Saturday, April 28, 2012
I'll be damned. There is an online archive of the columns I wrote for The Opinion as Student Bar Association President. Wow, that's an unflattering picture. On the other hand,they are better written than I'd have had any reason to expect, and less angry than I recall. The experience was surprisingly vexed from start to finish, and I probably should have devoted my energies elsewhere. Still, I think it's the last time I was ever elected to something, and that should count for something.
Friday, April 27, 2012
Roll Call breaks down the New York congressional races. I'm sorry that Louise Slaughter was redistricted out of Buffalo-- we wrote a profile of her six years ago that I think captures her strengths quite well. Brian Higgins is fine, but he is more of a constituent service sort of representative, and I prefer someone who sees the big picture. Kathy Hochul's district is arguably the most Republican in the state. Although its boundaries get moved around a lot, the idea seems to have been to make it a safe seat for national Republicans. Tom Reynolds, chairman of the National Republican Congressional Committee, sat there, and pieces of it have been represented by the likes of Jack Kemp and Bill Paxon (who was also chair of the NRCC). Hochul isn't safe, exactly, but it looks like she will be blessed by her opposition.
Wednesday, April 25, 2012
Old-line, white shoe firms are interesting to me-- Sullivan & Cromwell brokered the Panama Canal deal, for example. Mudge, Rose is where Nixon met Mitchell.
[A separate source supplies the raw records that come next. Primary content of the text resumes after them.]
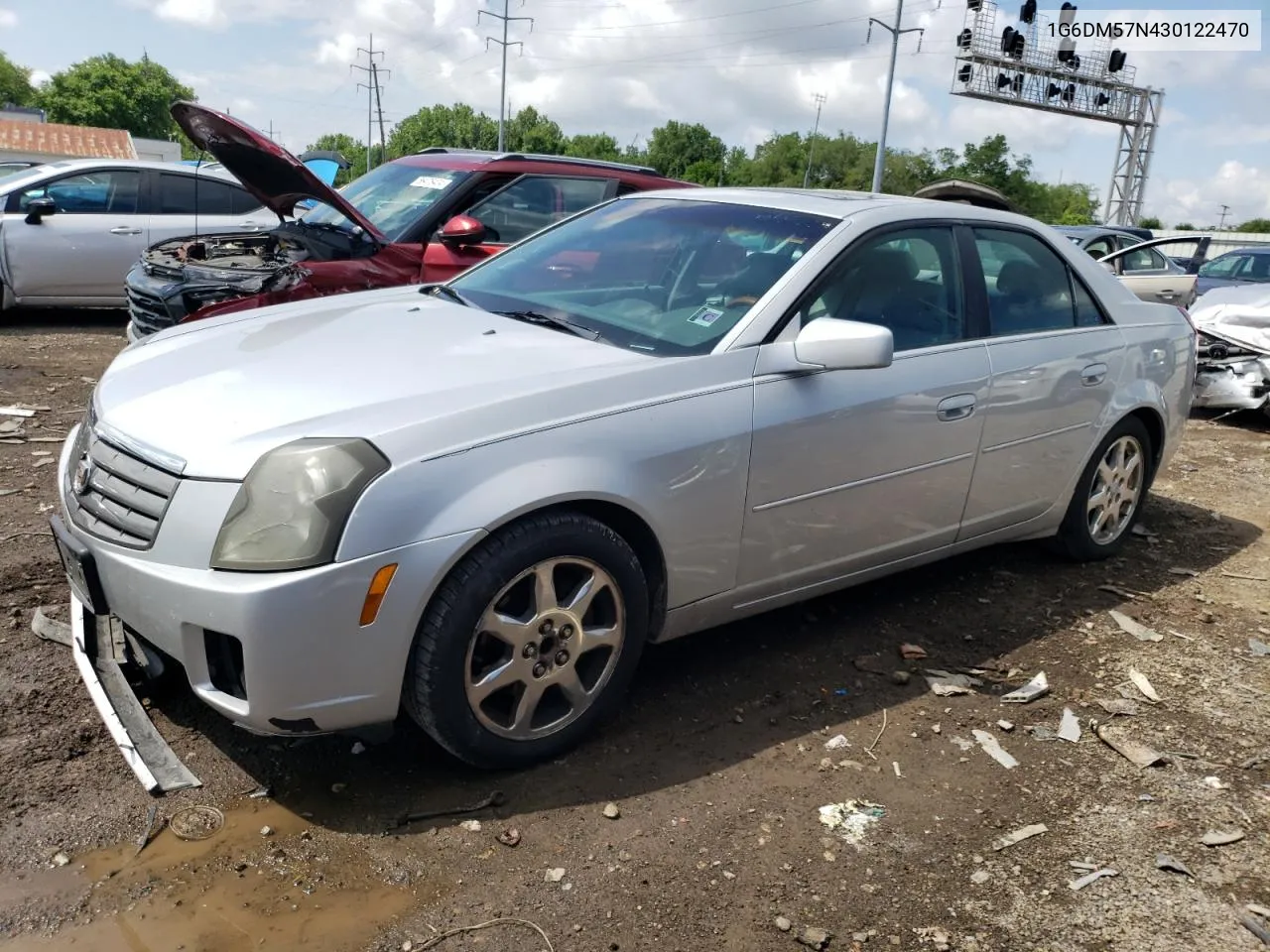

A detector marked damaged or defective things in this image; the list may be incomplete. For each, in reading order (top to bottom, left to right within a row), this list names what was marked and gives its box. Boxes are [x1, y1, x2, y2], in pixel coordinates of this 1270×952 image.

damaged white car [1189, 283, 1270, 416]
broken plastic piece [1000, 674, 1051, 705]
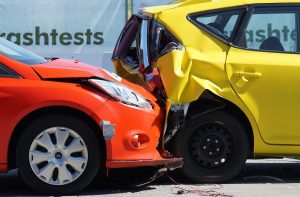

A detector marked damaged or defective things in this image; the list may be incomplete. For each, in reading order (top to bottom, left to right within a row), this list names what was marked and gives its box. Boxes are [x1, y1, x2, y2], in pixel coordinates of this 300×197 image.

bent metal panel [0, 0, 126, 70]
crumpled hood [32, 58, 157, 101]
cracked headlight [88, 79, 152, 109]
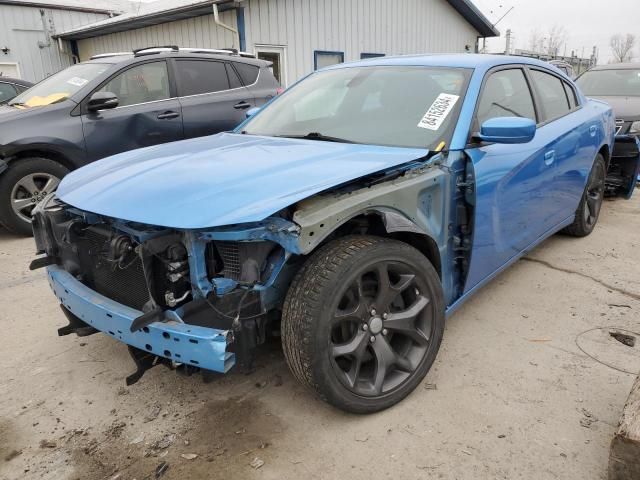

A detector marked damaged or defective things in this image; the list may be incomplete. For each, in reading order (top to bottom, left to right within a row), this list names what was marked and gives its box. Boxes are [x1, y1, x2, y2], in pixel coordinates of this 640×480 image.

Dewey, Balentine used to be Root, Clark & Bird. The Root was Elihu Root, Jr., son of New York Senator Elihu Root, former United States Secretary of War. Henry Friendly and John Marshall Harlan II worked there at one time, and when Thomas E. Dewey was done being governor (but before he became a Thruway) that's where he went. LeBoeuf, Lamb, Greene & MacRae was pretty fancy too, and five years ago Dewey and LeBoeuf merged. Now it looks like they are going broke, which is sad, in a way. I don't mean particularly sad for the lawyers-- in the grand tradition of these matters it looks like they got into trouble for pretty much the same reason all law firms do. The saying in this biz is that pigs get fat and hogs get slaughtered. When your assets basically go home in people's hats every day it doesn't pay to get too greedy, and now a lot of interesting history is about to be lost, along with a lot of jobs that people who weren't greedhead lawyers can ill afford to lose.
Tuesday, April 24, 2012
Shown here is the Buffalo Eruv, which is actually in Amherst. It was just completed last month, which is interesting all by itself-- were there smaller ones before? Eruvin are a Talmudic work-around for the traditional prohibitions on carrying things outside the home on the Sabbath. Calvin Trillin calls the eruv a "magic schlepping circle," and I have to admit that I think that's funny, but I also like the idea of the eruv-- if you are going to live in a mystical world, there should be some magical things about it, even if your world looks like Sheridan Drive to everyone else.
Friday, April 20, 2012
I will certainly read Jonathan Lethem's 33 1/3 volume on Talking Heads' "Fear of Music". I enjoy Letham's writing ("Chronic City" was the most enjoyment I've had from new fiction since I can't remember). I have argued that Talking Heads are on the short list for Greatest American Band. With all that stipulated, and with the further acknowledgment that "Fear of Music" is an intriguing, difficult work, I'd have to say that in my mind the greatest Talking Heads album is probably "Remain In Light".
Thursday, April 19, 2012
Via the Volokh Conspiracy, an interesting exposition on how context changes meaning from Justice Kagan. The statute under discussion statute says that a party can bring a counterclaim if "the patent does not claim . . . an approved method of using the drug." The question before the Court was whether that means that the counterclaim can be brought only if the patent claims no method of using the drug, or only if in doesn’t claim that particular method of using the drug.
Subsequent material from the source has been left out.